Should you feel at the end of this
post that I didn’t work hard enough to find a more tellingly appropriate title,
let me stop you right here and assert that you’ve got it all wrong. “Black and
white” is not about the skin colour of the main protagonists of the Essie Mae
Washington-Williams’ book, Dear Senator A
Memoir by the Daughter of Strom Thurmond (Regan Books, New York, 2005). Far
from it. It’s about the joyous discovery that we can read in black and white
the strange tale of an always-under-the-wraps filial relationship. I am
particularly impressed by the restraint, tolerance and sense of humour of the
story teller – Strom Thurmond’s out-of-wedlock first-born daughter – while telling
us what is mostly a sad tale beginning with a common-law wife’s rejection by her
Southern aristocratic husband and finding a closure in her daughter being publicly
accepted by her father’s family. Essie Mae did not betray the “state secret” of
her politician father until after his death at the ripe old age of 100 − for
nearly eight decades, to wit. What’s more, it took a lot of prodding from her
family and friends, the way she tells it, to finally persuade her to quit the
closet. Her life story seems straight out of a sudsy soap opera made on a fairly
generous budget. What impressed me most is the way the book encapsulates the history
of the emancipation of African-Americans and their integration in the main
stream in the 20th century – the civil rights movement, in other
words − along with the pertinent Civil War background (including the Jim Crow “separate
but equal” era highlights) without interfering with the main, poignant narrative.

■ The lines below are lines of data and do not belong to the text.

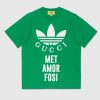 Replica Gucci GG Women Adidas x Gucci Cotton Jersey T-Shirt Green Jersey Crewneck Oversize Fit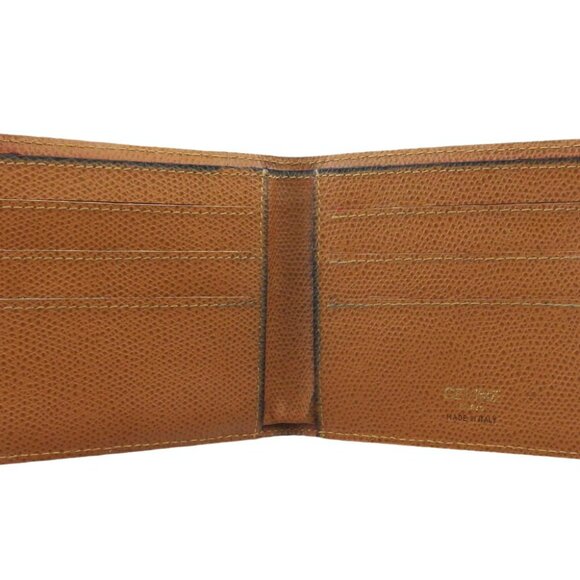 CELINE Two Folded Wallet Logo Plate Leather Authentic USED - Picture 3 of 9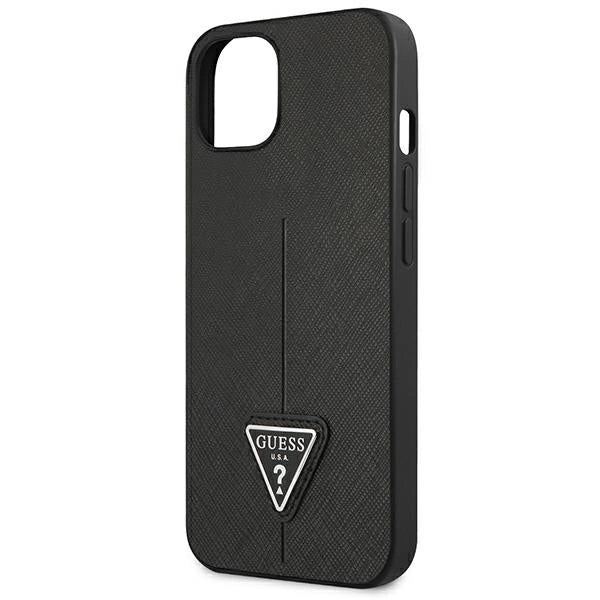 Guess GUHCP13SPSATLK iPhone 13 mini 5,4 " sort / sort hardcase SaffianoTriangle Logo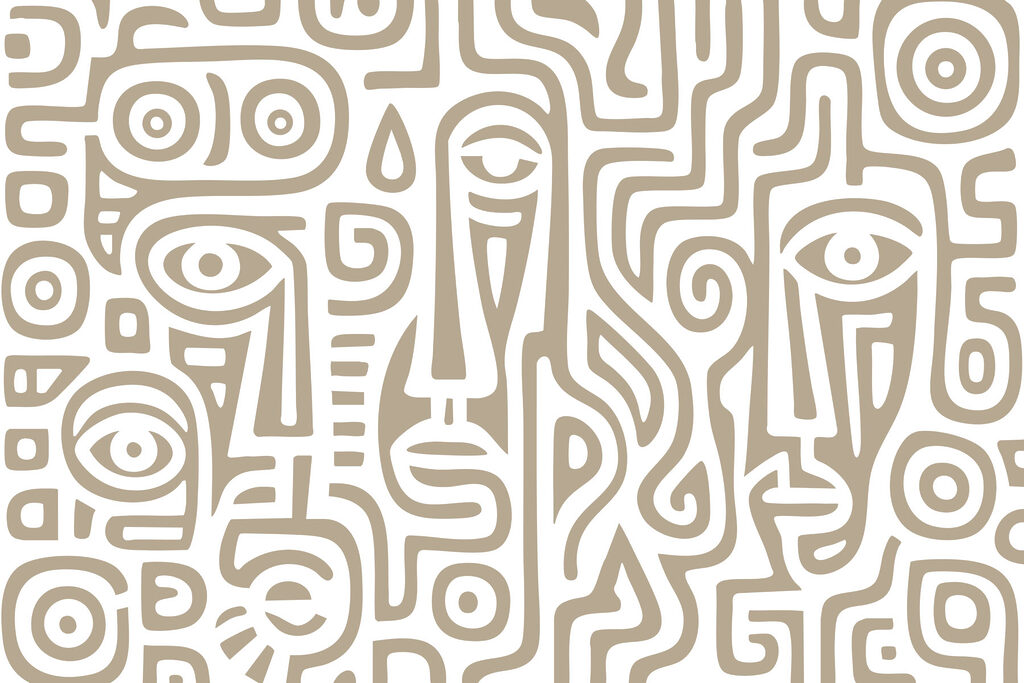 Pattern of lines and faces Pattern of lines and faces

An unusual and rewarding read and an insightful document of immense societal significance,
I vouch. And, to think that I managed to sniff it out from the pile of books at
the Strand Bookstall’s Rock Bottom Sale for a mere fifty rupees! (P.S.: A lot
of the credit for the enchanting and languidly elegant style and the lucid and logically
organised flow of the narrative of this excellent memoir, I guess, belongs to
the “as-told-to” collaborator and scribe, William Stadiem.)